Inside, the 52-year-old mother of two finds the roof over her kitchen has collapsed under the weight of ashfall.
The once-blue walls are now smeared in a thick layer of gray ash. Her son is up on the roof scraping off the mud in an effort to stop the rest from caving in.
“It was totally destroyed. I only saw it yesterday. I saw our barangay (village) and can’t help but cry,” she told CNN from the ruined house in Laurel in the Philippine province of Batangas.
Sarmiento’s piggery — a new source of income for her — is gone.
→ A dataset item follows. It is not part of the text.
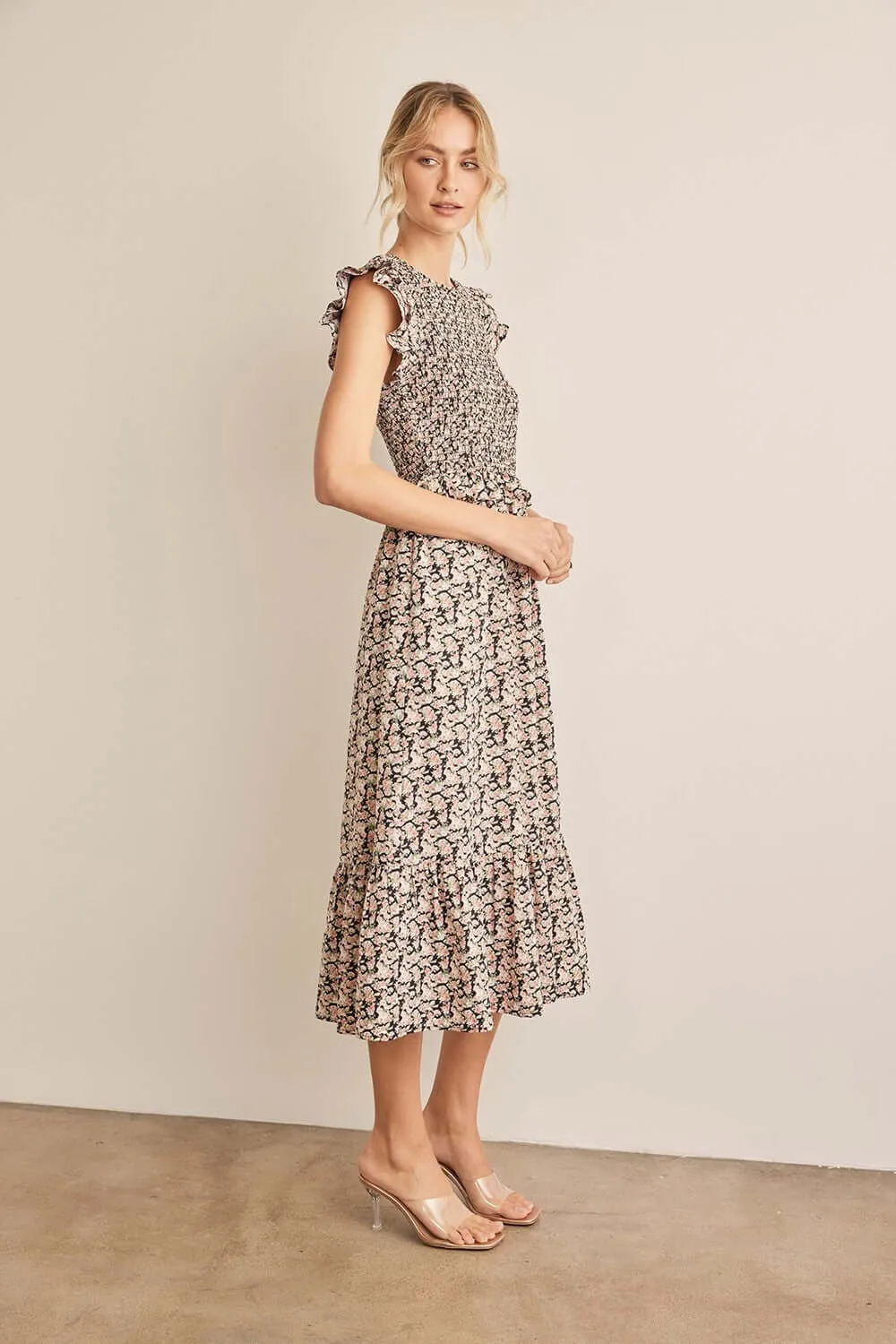 Black Peach Floral Print Smocked Ruffled Midi Dress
Her five pigs dead.
“How can we rebuild our lives? How can we start again? I don’t have money to use as capital again,” she said.
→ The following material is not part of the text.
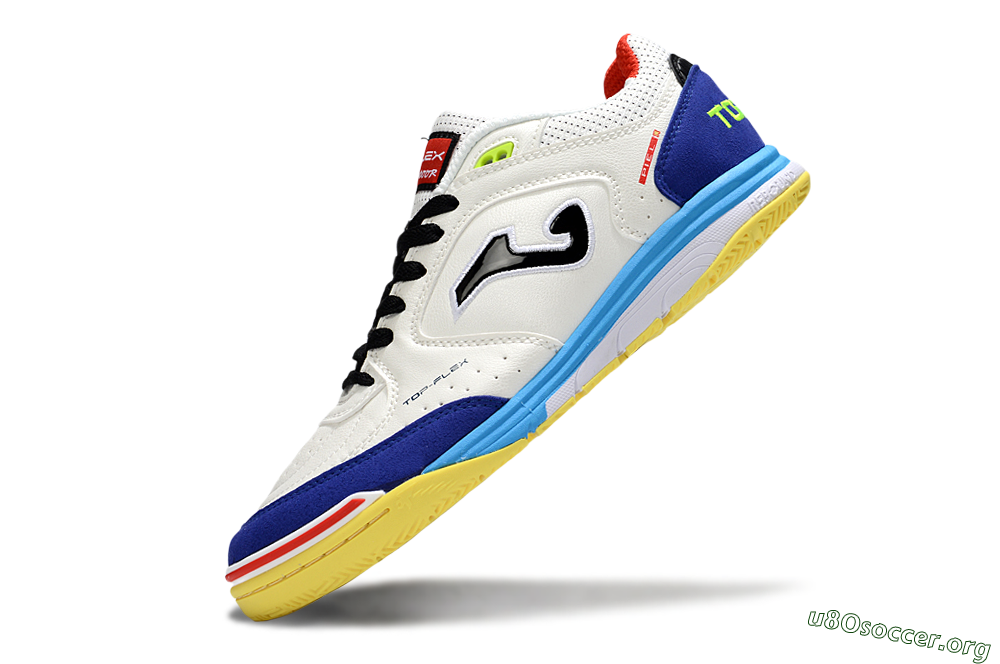 Joma Top Flex IC Football Shoes - White/Black/Blue 5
Heavy charcoal-like ash rained down on towns and villages, blanketing everything. Houses and trees buckled under the weight of it. Affected areas had no power or fresh water.
Outside Sarmiento’s hourse, the once bustling markets are empty, the fields left untended, the lush trees now gray and lifeless.
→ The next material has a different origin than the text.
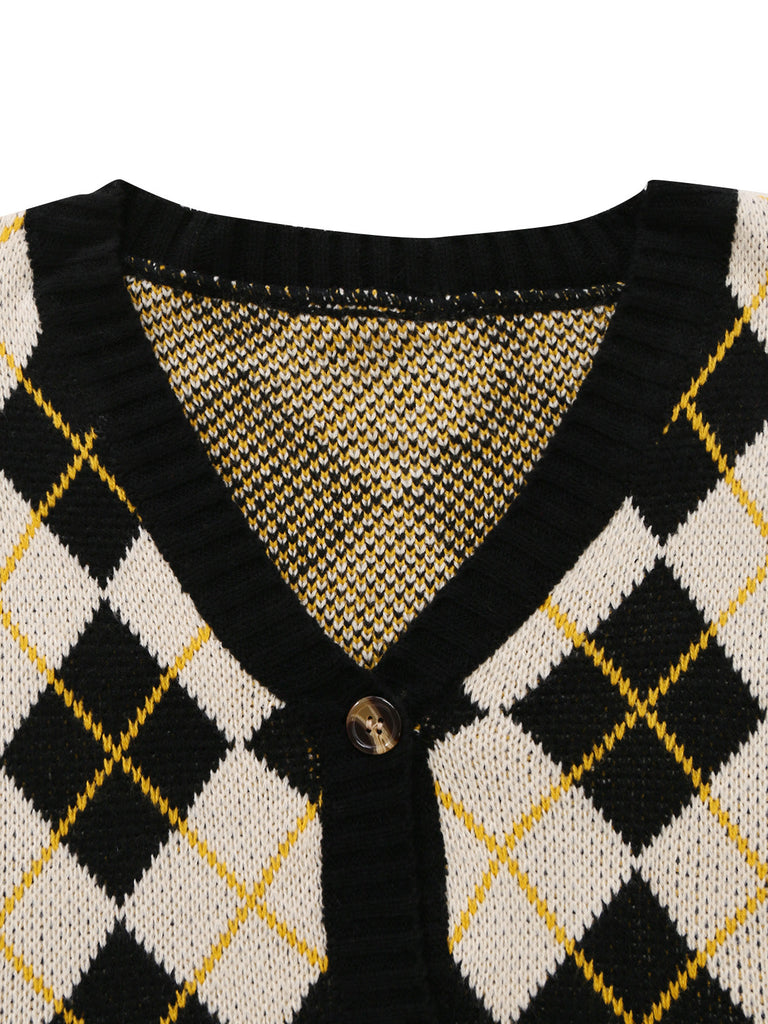 Cardigan en maille à losanges, col V et boutons Années 1980 - 5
Many people here made their living off the rich land around the volcano, from fishing in the lake or from the many tourists that visit each year.
The volcano, about 37 miles (60 kilometers) south of the capital Manila on the island of Luzon, is like a time bomb. Volcanologists warn a bigger eruption could be yet to come — but no one can predict when, or if, it will explode or settle back down.
Sarmiento was at the local fish market when she heard a loud thunder-like sound followed by thick smoke. Her home lies within 10 kilometers (6.2 miles) of the volcano.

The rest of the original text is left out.